# GeekVape Ammit Dual



## Daniel Alves (10/4/17)

Hi,

Amy indication of when and who will stock the retail version?

the retail version should include the 3rd fill part on the top of the chimney.






*(additional top filling chimney included)*

Reactions: Thanks 1


----------



## boxerulez (10/4/17)

Daniel Alves said:


> Hi,
> 
> Amy indication of when and who will stock the retail version?
> 
> ...


Who the hell would unscrew that bit to refill as per Way2? These Chinese marketers you know...

Reactions: Like 1


----------



## Chris du Toit (10/4/17)

Way no2 was the initial design, they have since added the top fill section as there was issues with the glass popping off and juice going all over the show by some of the reviewers. Nice to see that they take these problems into consideration.


----------



## boxerulez (10/4/17)

Chris du Toit said:


> Way no2 was the initial design, they have since added the top fill section as there was issues with the glass popping off and juice going all over the show by some of the reviewers.

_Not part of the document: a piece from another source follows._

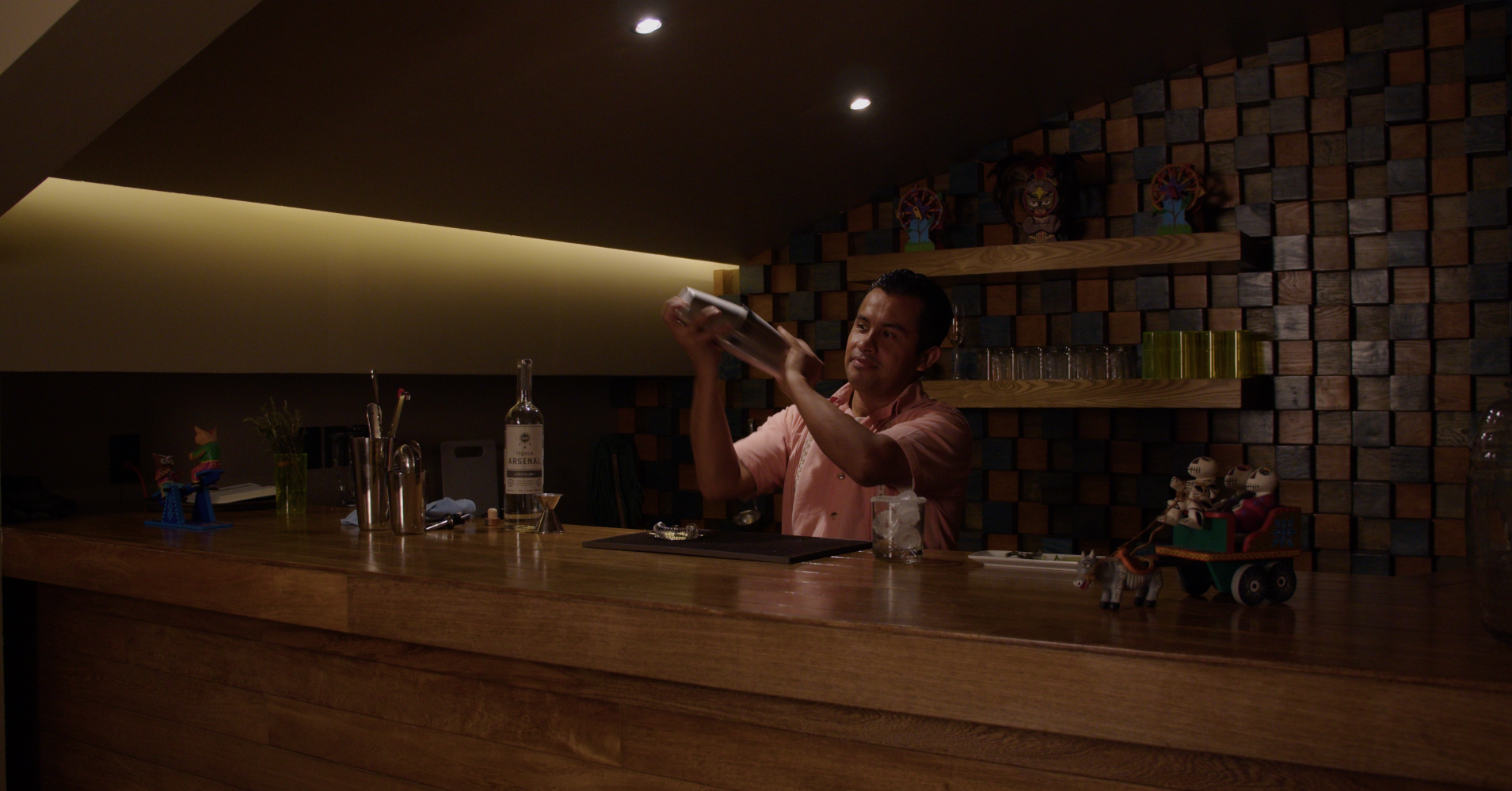 Botella Viva Tequila Experience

Nice to see that they take these problems into consideration.



Lol would prefer to see them sort it out before running production. Thats just as stupid a design as the QuadFlex RDTA fill holes (seemed to be 500micron diameter) I mean, geekvape, COME ONE!

Reactions: Funny 1


----------



## Daniel Alves (10/4/17)

yeah No2 was original design with the sample versions they sent out to reviewers, after a big fuss they added the No1 which includes the the fill ports was added to retail version


----------